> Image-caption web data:
########################################

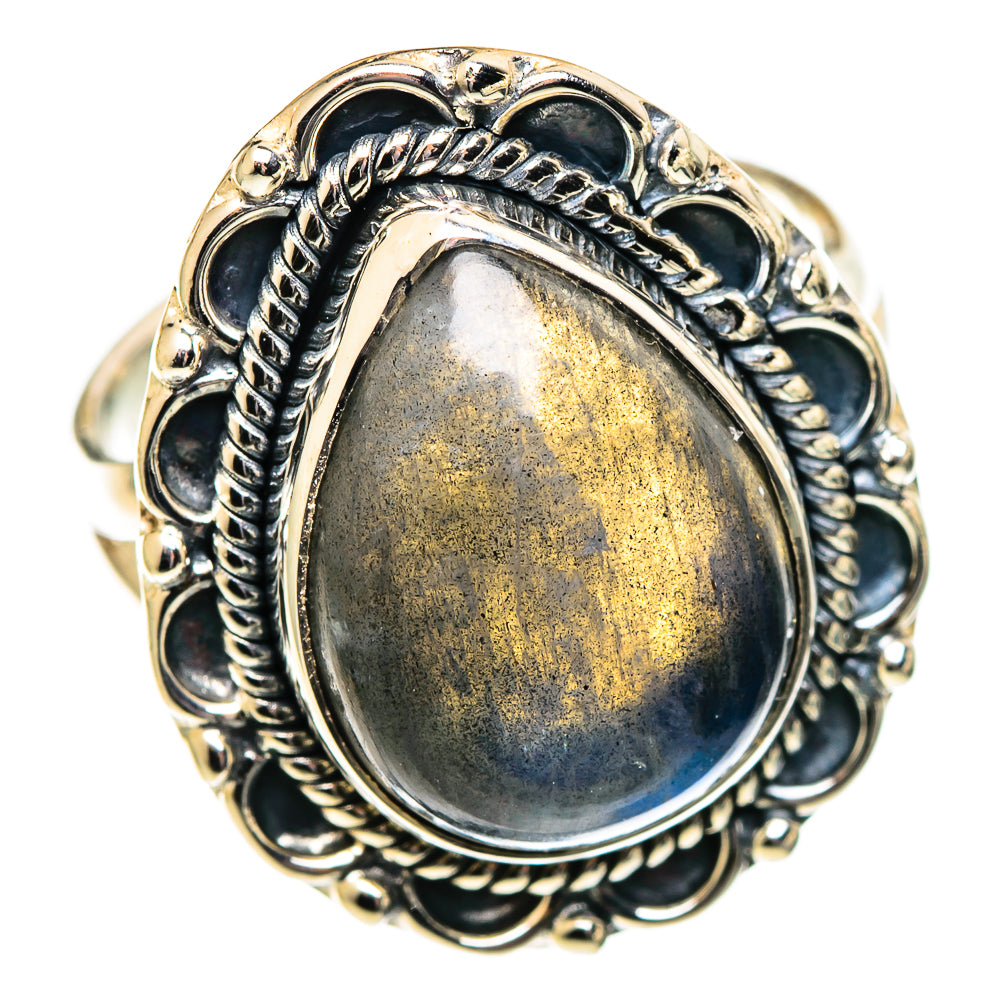 Labradorite Rings handcrafted by Ana Silver Co - RING108107 - Photo 2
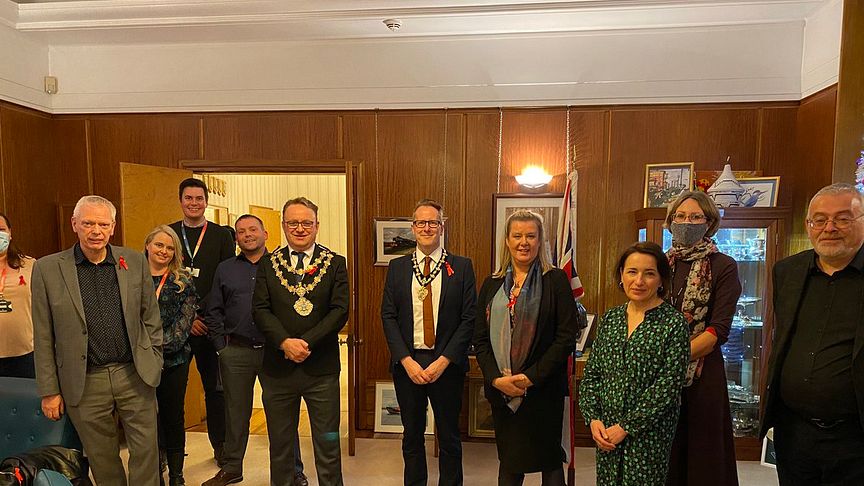 Representatives of George House Trust meet the Mayor of Bury, Cllr Tim Pickstone, at a reception held in the mayor’s parlour.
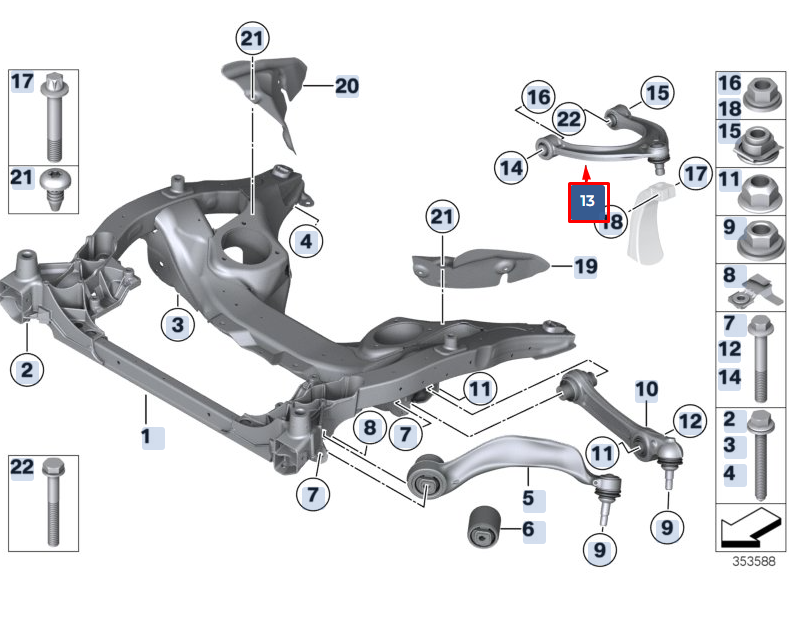 new bmw 5 f10 front axle top control arm track 31126779871 6779871 original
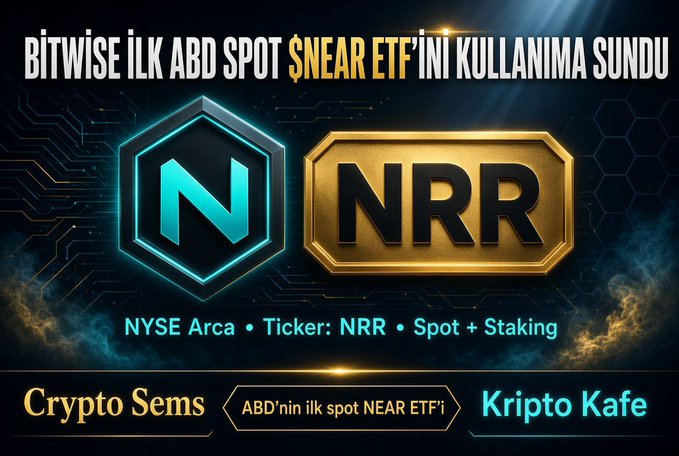 Crypto promotional banner in Turkish stating 'BİTWİSE İLK ABD SPOT $NEAR ETF'İNİ KULLANIMA SUNDU' (Bitwise launched the first US spot NEAR ETF), showing the NRR ticker on NYSE Arca for spot and staking.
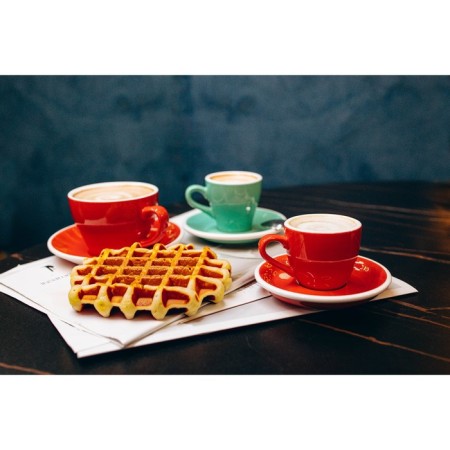 Coffee steam porcelain Magistro Coffee Time, 2 objects: a cup 80 ml, a saucer d = 12.5 cm, red color-9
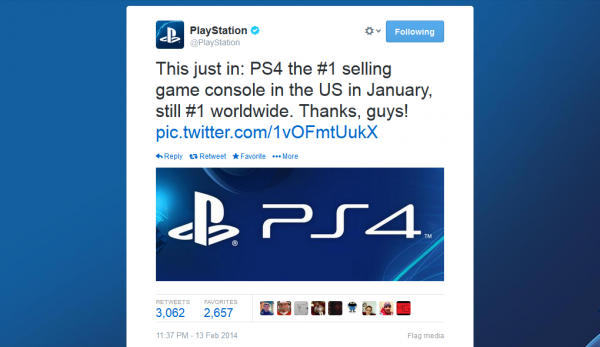 PS4 Sales Tweet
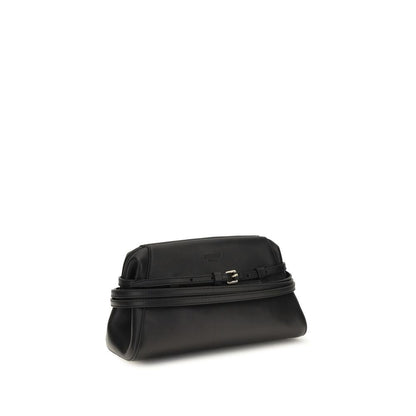 Bolso de mano Moschino de piel de cabra negra
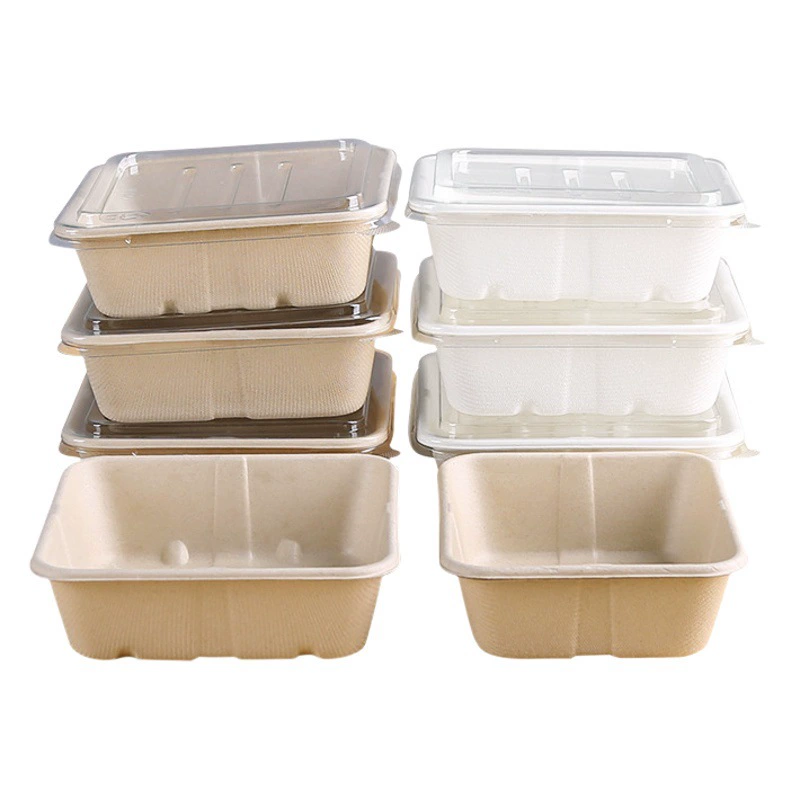 Одноразовая упаковочная коробка Сборная коробка для упаковки овощей Обеденная коробка Квадратная разлагаемая коробка для салата Коробка для торта на вынос небольшой емкости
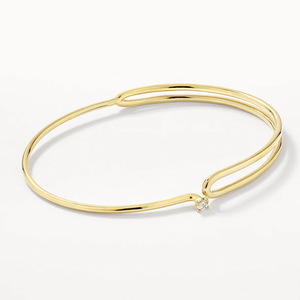 Hạnh Phúc vẻ đẹp không thấm nước không gây dị ứng tùy chỉnh 925 Sterling bạc 18K mạ vàng cổ điển độc đáo Trắng <span class=keywords><strong>CZ</strong></span> liên kết vòng <span class=keywords><strong>Bangle</strong></span> - Product Image 3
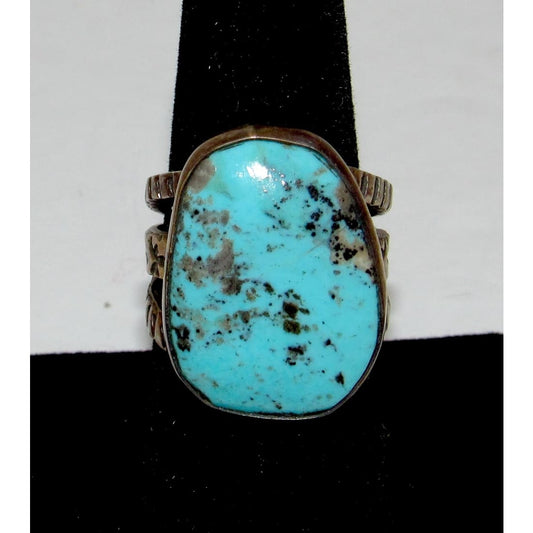 Navajo Blue Diamond Mine Turquoise Ring Sz 8 Sterling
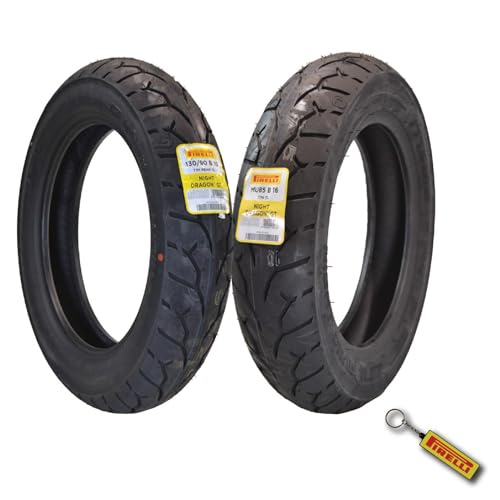 Pirelli Night Dragon Tire Set: 130/90B16 M/C 73H Front & MU85B16 M/C 77H GT Rear Rear Cruiser Motorcycle Tires - Superior Traction & Handling for High-Performance Cruisers with Keychain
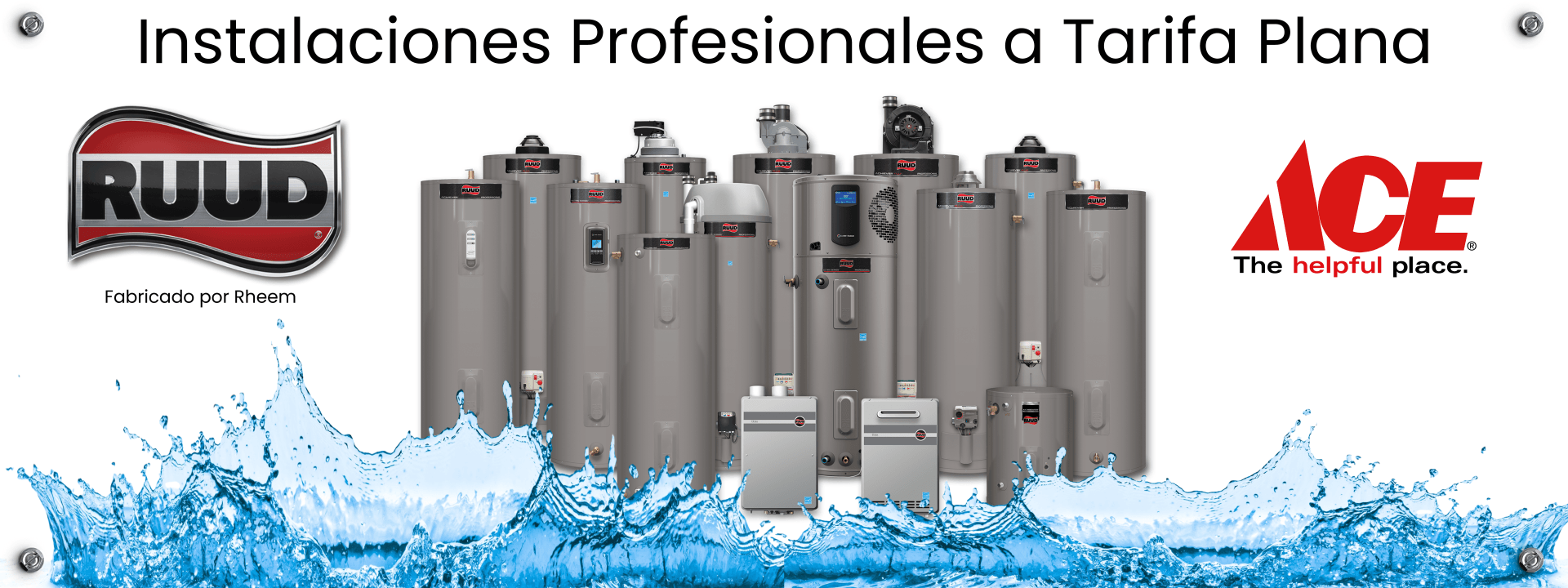 Ruud Water Heaters at Ace, Flat Rate Pricing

########################################

> Required action: In the data above, find the line with "new bmw 5 f10" and the line with "Crypto promotional banner". Please copy exactly those two lines and every line between them, but not the pictures.

> Solution below:
 new bmw 5 f10 front axle top control arm track 31126779871 6779871 original
 Crypto promotional banner in Turkish stating 'BİTWİSE İLK ABD SPOT $NEAR ETF'İNİ KULLANIMA SUNDU' (Bitwise launched the first US spot NEAR ETF), showing the NRR ticker on NYSE Arca for spot and staking.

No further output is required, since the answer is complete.